FDS
Consider a relation R(A, B, C, D), with FDs AB -> C, BC -> D, CD -> A.
(a) Find the closure of AB.
(b) Find candidate keys.
(c) find the normal form of relation R. If the relation is not in BCNF then convert into BCNF?
R(A, B, C, D) with functional dependencies (FDs) AB -> C, BC -> D, CD -> A.
(a) Find the closure of AB:
Closure of AB: {AB}
Using AB -> C, we can add C to the closure: {ABC}
Now, using BC -> D, we can add D to the closure: {ABCD}
Finally, using CD -> A, we can add A to the closure: {ABCDA}
So, the closure of AB is {ABCDA}.
(b) Find candidate keys:
A candidate key is a minimal set of attributes that can uniquely identify each tuple in the relation. To find candidate keys, we can use the closure of different sets of attributes.

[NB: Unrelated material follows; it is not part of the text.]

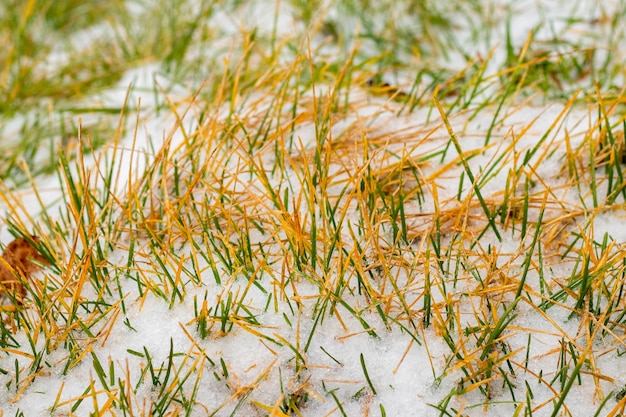 雪に覆われた乾いた草と冬の背景。雪の中の草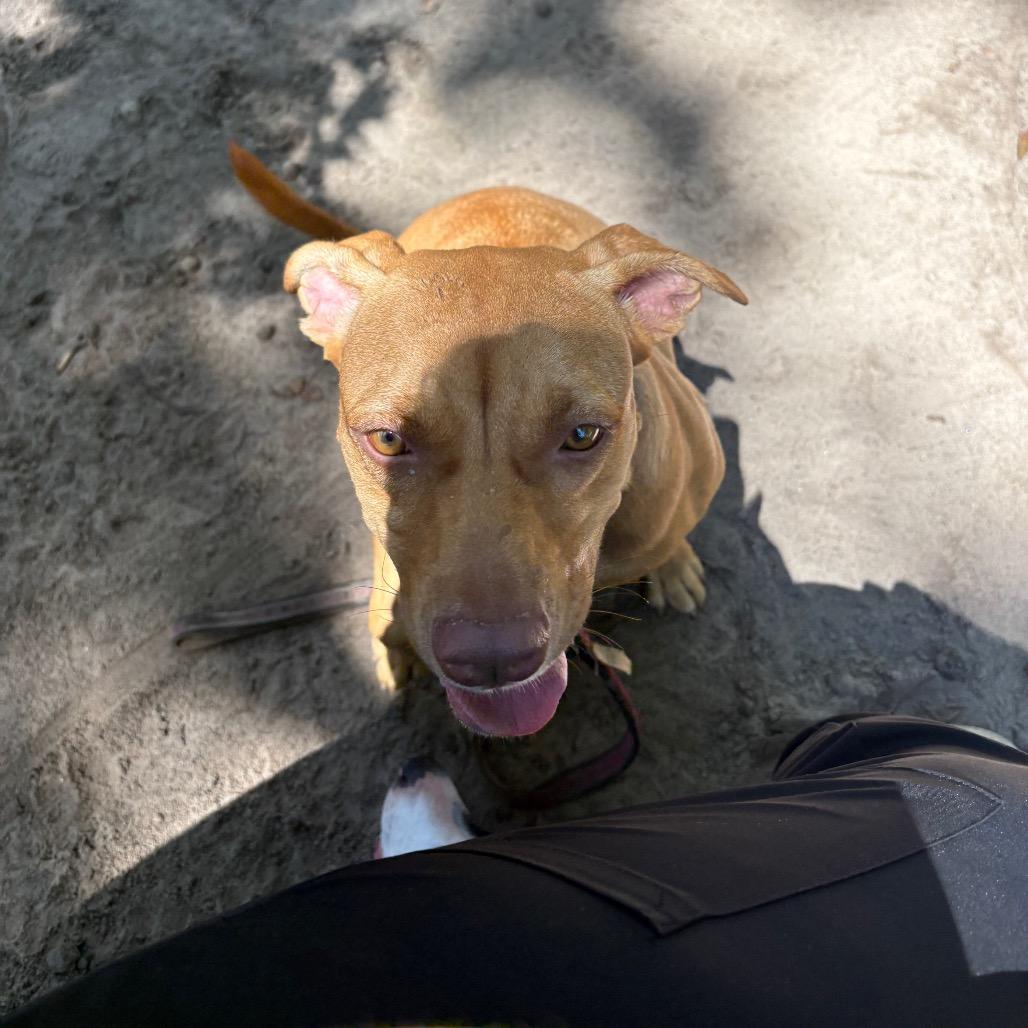 Enlarge Caramel 28368, a Adoptable Mixed Breed in Middleburg, FL image 2/6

Candidate key including A:
Closure of A: {A}
Since {A} is not equal to the set of all attributes {ABCD}, A alone is not a candidate key.

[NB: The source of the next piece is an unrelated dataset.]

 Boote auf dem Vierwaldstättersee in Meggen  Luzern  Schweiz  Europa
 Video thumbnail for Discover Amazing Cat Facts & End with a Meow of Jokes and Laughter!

Candidate key including B:
Closure of B: {B}
Since {B} is not equal to {ABCD}, B alone is not a candidate key.
Candidate key including C:
Closure of C: {C}
Since {C} is not equal to {ABCD}, C alone is not a candidate key.

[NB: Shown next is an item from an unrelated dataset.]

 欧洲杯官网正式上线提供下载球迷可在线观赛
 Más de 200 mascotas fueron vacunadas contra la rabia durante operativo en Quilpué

Candidate key including D:
Closure of D: {D}
Since {D} is not equal to {ABCD}, D alone is not a candidate key.
Candidate key including AB:
Closure of AB: {ABCDA} (as found earlier)
Since {ABCDA} is equal to {ABCD}, AB is a candidate key.
Candidate key including BC:
Closure of BC: {BCD}
Since {BCD} is not equal to {ABCD}, BC alone is not a candidate key.
Candidate key including CD:
Closure of CD: {CDA}
Since {CDA} is not equal to {ABCD}, CD alone is not a candidate key.
So, the candidate key is AB.
(c) Find the normal form of relation R and convert into BCNF if needed:
First, let's check if the relation is in BCNF. A relation is in BCNF if, for every non-trivial functional dependency X -> Y, X is a superkey. A superkey is a set of attributes that uniquely determines all other attributes in the relation.
For the given FDs:
AB -> C (AB is a superkey, as AB is a candidate key)
BC -> D (BC is not a superkey)
CD -> A (CD is not a superkey)
Since BC and CD are not superkeys, the relation is not in BCNF.
The key here is to ensure that each new relation has a superkey as its primary key.
New relations:
R1(A, B, C)
Key: AB
FD: AB -> C
R2(B, C, D)
Key: BC
FD: BC -> D
R3(C, D, A)
Key: CD
FD: CD -> A
Now, each new relation is in BCNF, and the original relation has been decomposed.